Take the line containing "Перевірка технічного стану" through the last line of the data and retype those lines exactly. Pictures do not belong in the copy.

• • • • • • •

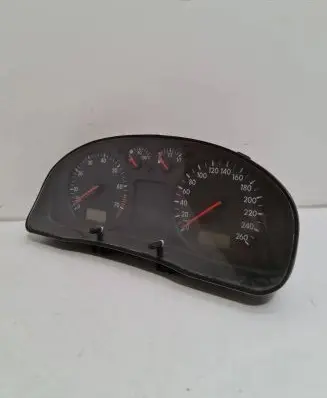 Volkswagen PASSAT B5 Speedometer (instrument cluster) 88311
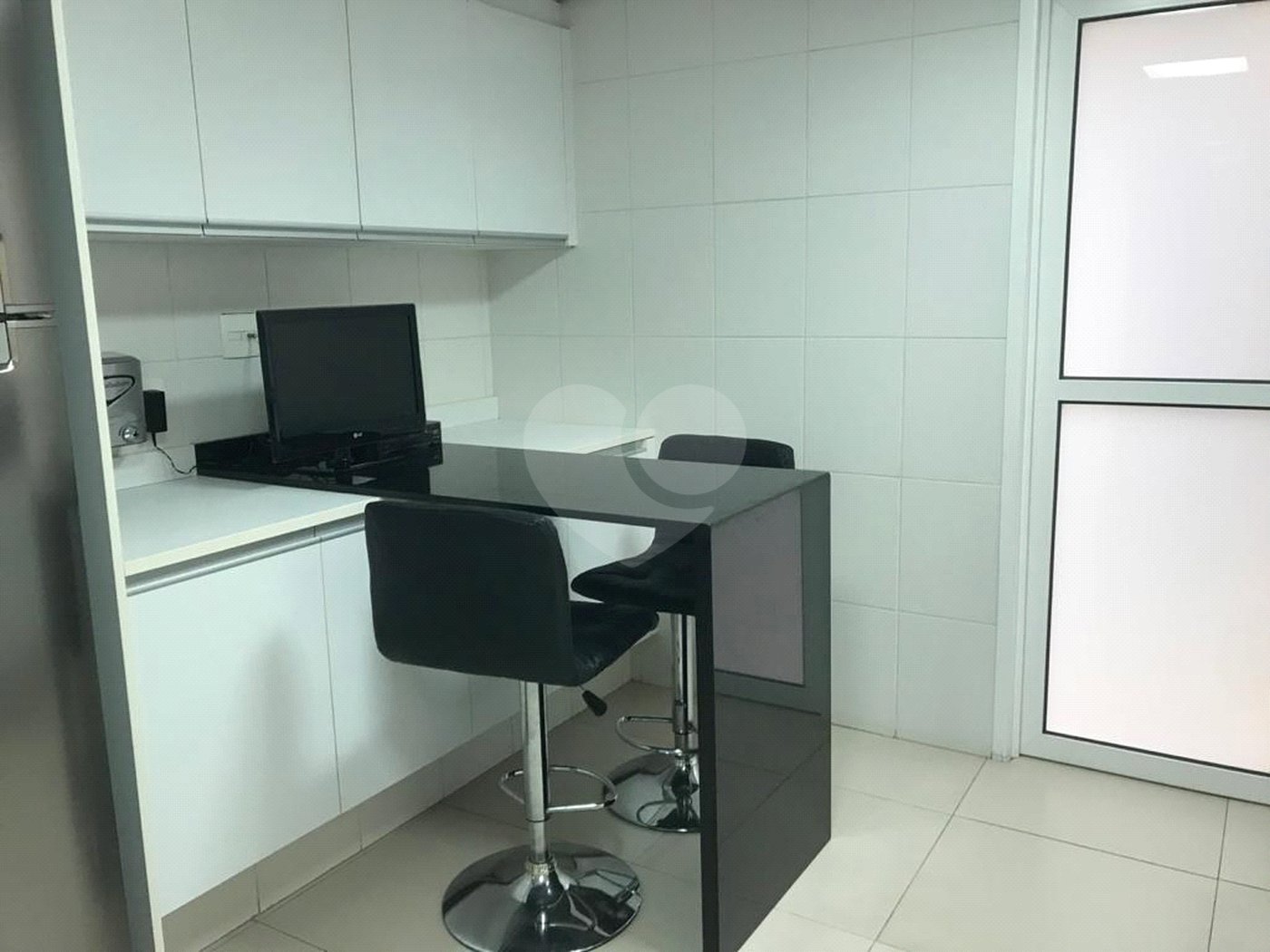 Casa à venda com 2 suítes no condomínio Vilagio Viccino, São Paulo - SP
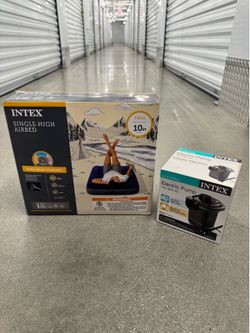 Twin air mattress (pump included)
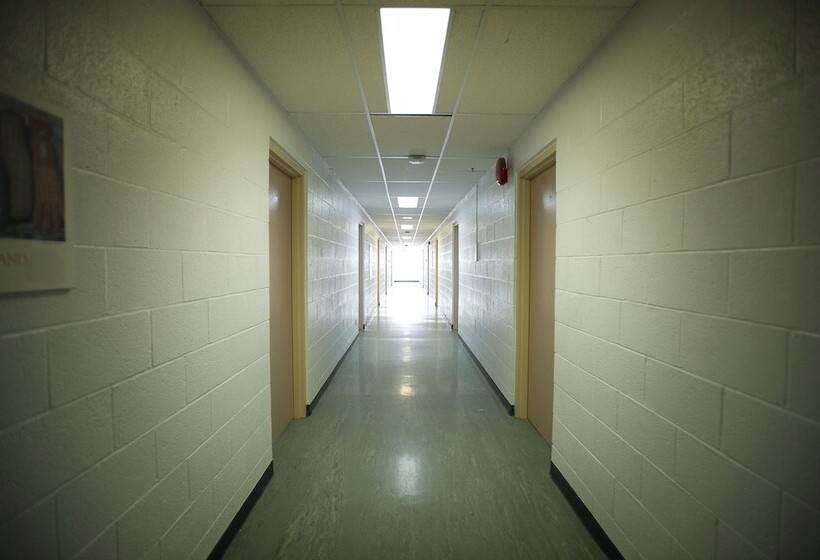 ホテル Backpacker College At Memorial University   Grenfell Campus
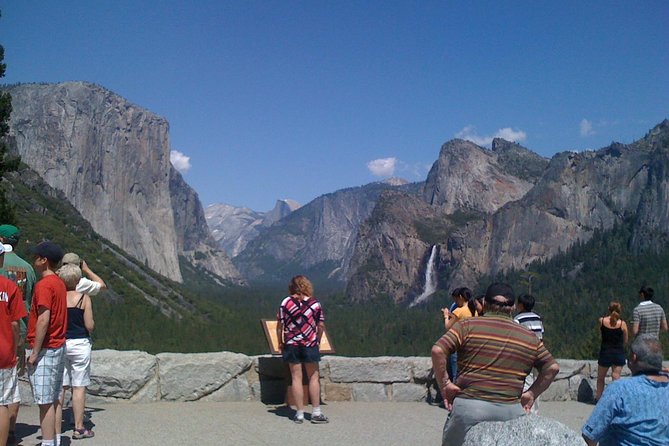 Small-Group Day Trip to Yosemite From Lake Tahoe - Scenic Attractions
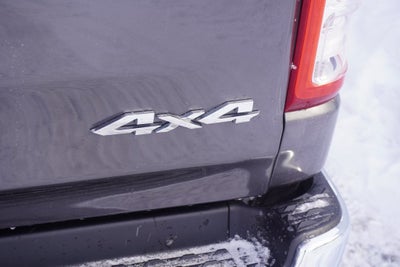 2022 RAM 1500 Big Horn Crew Cab 4x4 5'7' Box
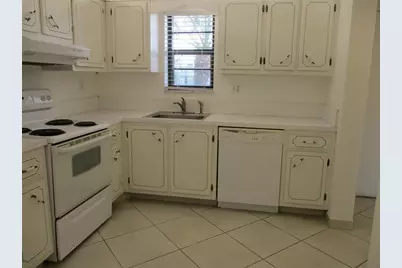 9233 SW 8th Street #311, Boca Raton, FL 33428 - Photo 5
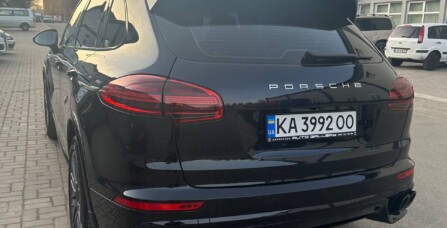 Перевірка технічного стану Porsche Cayenne 3.0 TFSI перед далекою поїздкою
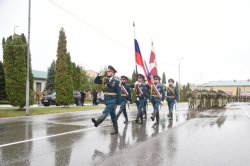 Полку Росгвардии имени Героя России Ахмата-Хаджи Кадырова вручено Боевое знамя нового образца Полку Росгвардии имени Героя России Ахмата-Хаджи Кадырова вручено Боевое знамя нового образца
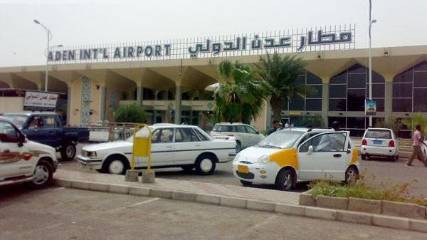عدن وأبين ولحج تغلق منافذها تضامنا مع الرئيس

• • • • • • •

● **ANSWER FOR THE TASK**
 Перевірка технічного стану Porsche Cayenne 3.0 TFSI перед далекою поїздкою
 Полку Росгвардии имени Героя России Ахмата-Хаджи Кадырова вручено Боевое знамя нового образца Полку Росгвардии имени Героя России Ахмата-Хаджи Кадырова вручено Боевое знамя нового образца
عدن وأبين ولحج تغلق منافذها تضامنا مع الرئيس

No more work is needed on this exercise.